Building Your Author Brand, by Theresa Pocock


Do you need to build your author brand in a clean way?


My blog at cleanlit.com, a website that helps readers get a “morality check” for the book(s) they are considering, helped me build my author brand! In this article, I’ll discuss how blogging affects the importance of your online presence as an author.


Ten years ago, when I was a baby author, I went to the Rocky Mountain Gold writers conference. I had written three books and was getting bites on my query letters, but no contracts. I didn’t know what was wrong. I had no literary education, no Writing For Dummies library checkouts, no beta groups. So, I decided to get some training. The conference was great. I made some contacts, took loads of notes, and learned a lot, including some of the problems my writing had.


But I kept hearing something over and over again from everyone: “You need to read your genre.” “You need to stay current in your genre by reading a ton.” All my extra time was spent writing, not reading. But on the ten-hour drive home from the conference, I downloaded Audible and started to listen to some YA books--and this choice started a two year “reading-bender”. I listened to all the books that had been recommended to me at the conference; Hunger Games, Hush, Shiver, and 13 Reasons Why (I’m betraying the year this all went down, aren’t I?).
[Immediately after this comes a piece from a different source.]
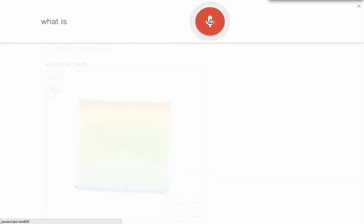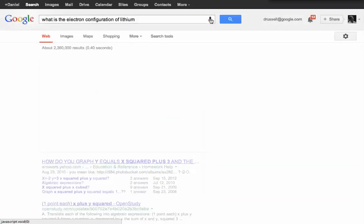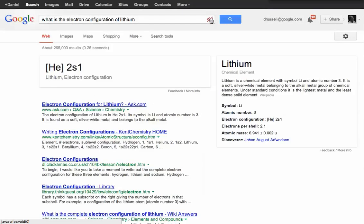What is the electron configuration of lithium? The electron configuration of lithium is H2S1.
I noticed something right away. None of these books were books I would ever let my own teenager read. They had sex, swearing, drug abuse, alternate lifestyles, adult relationships, Hollywood behavior, etc. I wished not only for myself (I prefer my books on the moral side), but for the teens of the world, that there was a book rating system. I scoured the internet and all I found were review websites. I knew there needed to be a rating website, so I decided that making one was my calling.


I contacted my brother-in-law to ask what went into designing and running a website. As a Gen Xer (1979) I was not savvy on the whole ‘make-a-blog-and-run-it’ thing. And when he started talking, unfortunately, my ears glazed over, and I felt like he was speaking a different language. This goal of mine to start a book rating blog was just not going to work. I was too stupid. I was too old. It was too difficult and expensive.

So, I left it.


But you leaving something does not always mean that that thing leaves you.

Fast-forward a few years. I started working on a new project, Guardians of the Garden, (shameless plug: seven years later this book is getting published on Oct 6th, please check it out!) and I started querying. And though the publishing world said nice things about my writing, no one could fully commit to contracting a Folklore novel about American Indians and the Garden of Eden. “This topic sounds too religious.”


I scratched my head, my book was not at all religious--it was fantasy and folklore. My characters were moral, sort of, but not at all overtly religious. What was I missing? I did not understand these publishers/editors/agents and decided I needed to go back to reading what teens are reading now-a-days to get a feel for how I’d misjudged the market.


When I did, I realized things had only gotten worse. All teen literature was filled with adult situations and themes and morality was looked down upon. I kept wanting to quote Despicable Me 2 at the books I listened to: “This is literature? This is garbage.”

I couldn’t be the only one feeling this way.

The idea of cleanlit came back in full force. It was a useful idea. It was an idea that I could be proud of. I also learned that having an online presence was becoming a must for all authors--and cleanlit was a way for me to have an online presence that meant something. So, I made a few goals.


Back to my brother-in-law I went, and a few months later cleanlit.com was up and running.

I don’t promote it, all I do is post, still it didn’t take too terribly long before I started getting notes from moms, grateful for the resource my website was to them. I looked at my stats on WordPress and saw that moms all over the country were looking up books on my site. I was getting hits every day, which totally surprised me because none of my friends used my website. They didn’t even know about it! Soon I was getting 100 hits a day, letters from grateful parents, and asked to rate books of all flavors.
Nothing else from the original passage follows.